Christian hope does not rest in the Supreme Court, the presidency, or evangelical access to political power. As Michael Cromartie reminds us, the dead are not raised by politics! I think that much of the manipulative rhetoric employed by Christians in political discourse ultimately rests on this theological blind spot–our failure to recognize that there is one God, and we must have no other gods before him (Exodus 20:3). The root of much manipulative rhetoric is idolatry, a failure of faith in the sovereign God of the universe, in the Savior, whose atonement for sin is the only means of reconciliation, and in the Holy Spirit, whose work is to convict us fallen humans of sin and to transform us from glory to glory into the image of Christ. Christians are secure in Christ whether Trump, Clinton, Nero, or Diocletian is in power.
I am saddened that many evangelicals seem to have more faith in politics than in Christ, that they entrust their well-being to earthly power rather than to God. This seems to be the reason for the desperate tone I hear in many political discussions among Christians. Facing a loss of cultural affirmation, many Christians employ Machiavellian tactics in an attempt to hold on to power, and abandon Christian love in order to manipulate others to achieve their political goals. But losing an election is far from the worst thing that can happen to us. What profit is it if the candidate we support wins, but in the process we lose our soul? Many Christians have faced living as marginalized and persecuted people in their societies, and we might learn something from them.

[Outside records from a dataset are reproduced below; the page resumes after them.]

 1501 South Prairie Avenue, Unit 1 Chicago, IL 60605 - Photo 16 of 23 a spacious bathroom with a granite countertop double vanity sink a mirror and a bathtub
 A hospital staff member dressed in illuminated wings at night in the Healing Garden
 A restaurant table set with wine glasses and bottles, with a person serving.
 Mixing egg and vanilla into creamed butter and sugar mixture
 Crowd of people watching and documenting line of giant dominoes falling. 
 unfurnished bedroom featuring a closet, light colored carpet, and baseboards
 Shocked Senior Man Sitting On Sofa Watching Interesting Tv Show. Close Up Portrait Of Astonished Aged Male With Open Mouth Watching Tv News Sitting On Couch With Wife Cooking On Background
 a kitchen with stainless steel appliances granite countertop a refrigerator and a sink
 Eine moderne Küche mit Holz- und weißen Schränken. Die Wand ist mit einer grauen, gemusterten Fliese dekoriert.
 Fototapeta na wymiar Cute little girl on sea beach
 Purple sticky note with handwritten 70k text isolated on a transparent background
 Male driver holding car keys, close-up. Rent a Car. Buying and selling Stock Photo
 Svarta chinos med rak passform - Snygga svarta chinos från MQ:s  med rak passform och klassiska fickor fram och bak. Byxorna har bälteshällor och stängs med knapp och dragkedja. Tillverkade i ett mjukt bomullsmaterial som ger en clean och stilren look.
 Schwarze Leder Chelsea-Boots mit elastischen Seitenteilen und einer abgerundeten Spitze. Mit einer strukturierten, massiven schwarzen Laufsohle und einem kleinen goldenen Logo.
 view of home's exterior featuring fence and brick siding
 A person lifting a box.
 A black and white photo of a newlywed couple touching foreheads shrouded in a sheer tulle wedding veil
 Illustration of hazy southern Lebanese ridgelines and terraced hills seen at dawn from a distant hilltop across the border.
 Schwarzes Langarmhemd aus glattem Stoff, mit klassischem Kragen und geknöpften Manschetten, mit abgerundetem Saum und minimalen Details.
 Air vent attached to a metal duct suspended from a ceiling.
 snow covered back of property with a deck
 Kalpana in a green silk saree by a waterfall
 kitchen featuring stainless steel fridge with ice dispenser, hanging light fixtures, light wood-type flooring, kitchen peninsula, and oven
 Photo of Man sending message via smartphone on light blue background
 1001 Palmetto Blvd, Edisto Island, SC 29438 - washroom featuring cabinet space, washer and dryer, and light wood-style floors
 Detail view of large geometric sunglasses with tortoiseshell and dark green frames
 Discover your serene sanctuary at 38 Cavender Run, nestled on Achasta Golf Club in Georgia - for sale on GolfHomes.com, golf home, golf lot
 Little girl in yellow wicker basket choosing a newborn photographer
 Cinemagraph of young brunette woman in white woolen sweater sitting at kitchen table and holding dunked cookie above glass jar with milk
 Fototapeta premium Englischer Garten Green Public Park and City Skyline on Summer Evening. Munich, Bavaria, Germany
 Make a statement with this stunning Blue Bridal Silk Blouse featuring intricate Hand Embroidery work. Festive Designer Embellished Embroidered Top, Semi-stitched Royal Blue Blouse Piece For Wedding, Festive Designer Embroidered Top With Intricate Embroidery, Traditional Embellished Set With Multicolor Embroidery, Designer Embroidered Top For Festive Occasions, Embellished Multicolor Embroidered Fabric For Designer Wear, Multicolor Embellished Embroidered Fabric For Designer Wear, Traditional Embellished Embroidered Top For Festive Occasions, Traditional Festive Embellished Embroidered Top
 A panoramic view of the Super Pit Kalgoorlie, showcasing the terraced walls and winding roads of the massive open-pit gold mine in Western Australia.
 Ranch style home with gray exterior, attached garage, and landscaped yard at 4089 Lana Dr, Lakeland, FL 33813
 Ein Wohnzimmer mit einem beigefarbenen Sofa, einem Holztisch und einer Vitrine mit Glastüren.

What we must never forget, however, is that all believers are citizens of the kingdom of God, and we are to seek that kingdom first. We are one in Christ, and we are called to love one another as brothers and sisters. “By this all people will know that you are my disciples,” Jesus said, “if you have love for one another” (John 13:5). In matters of politics, as in many other matters, we will certainly disagree, and about important things we should have serious conversations. But in those conversations we must always hold fast our love for God and for one another by refusing to manipulate one another. As Paul admonished the Ephesians, “Therefore, having put away falsehood, let each one of you speak the truth with his neighbor, for we are members one of another” (Eph 4:25).